APA Corp. has entered into an agreement to sell non-core producing Permian Basin assets to an undisclosed buyer for $950 million, before customary closing adjustments.
APA said on Sept. 10 that it is selling Central Basin Platform, Texas and New Mexico Shelf and Northwest Shelf assets with an estimated net production averaging 21,000 boe/d, of which approximately 57% is oil.
APA is engaged in a divestiture campaign after buying Callon Petroleum for $4.5 billion on April 1. As part of the deal, APA took out term loans totaling about $2 billion. The company owes an additional $4.8 billion in debt, according to Ben C. Rodgers, the company’s senior vice president of finance and treasurer.
“We've already made progress on paying those off with over $1 billion of asset sales this year,” Ben C. Rodgers, the company’s senior vice president of finance and treasurer, said in August at a Denver conference. He added that there was “more to come.”

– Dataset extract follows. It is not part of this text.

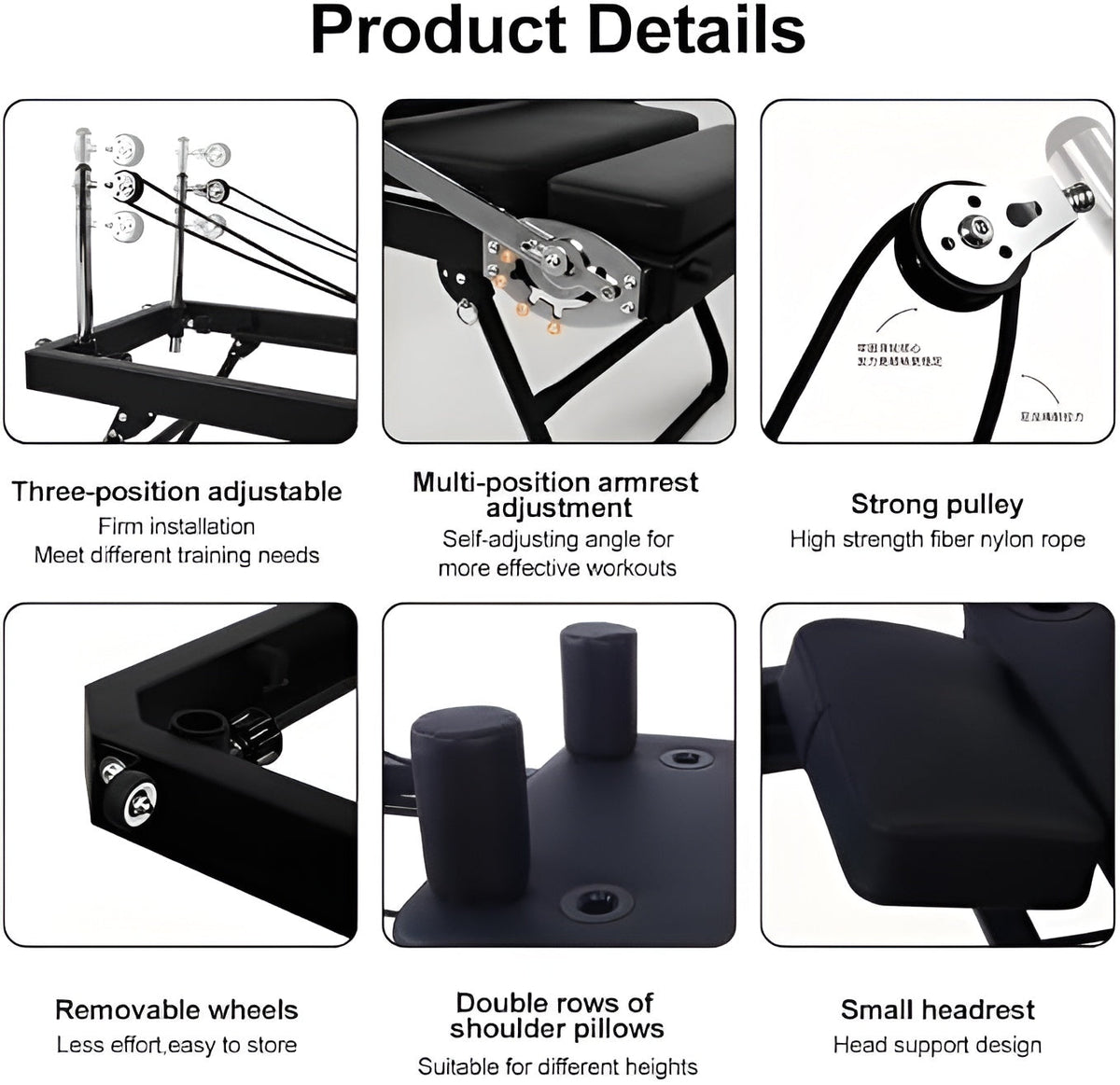 MF Foldable Pilates Reformer MF-0678 Home Pilates Machine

APA said that, pro-forma for the deal, fourth-quarter U.S. production guidance is 307,000 boe/d, which is 34% above the company’s fourth-quarter 2023 production.
John J. Christmann IV, APA’s CEO, said that through multiple transactions completed this year, “we have high graded and focused our U.S. asset base.”

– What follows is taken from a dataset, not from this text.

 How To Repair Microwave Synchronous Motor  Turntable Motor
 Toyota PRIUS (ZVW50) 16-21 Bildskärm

“Our remaining Permian position has scale and balance in the unconventional Midland and Delaware Basins,” Christmann said. “The net impact of our acquisition of Callon Petroleum and the follow-on asset sales is that APA has increased its onshore U.S. production by approximately 66,000 boe/d in 2024 and continued to add economic unconventional inventory, with no material change in net debt levels compared to year-end 2023.”
Christmann continued, “The company’s more focused unconventional Permian asset base and advantageous transport and marketing positions compares favorably with like-sized, pure-play peers in the region, while APA’s conventional global portfolio also provides geologic, geographic and price diversification as well as differential exploration upside.”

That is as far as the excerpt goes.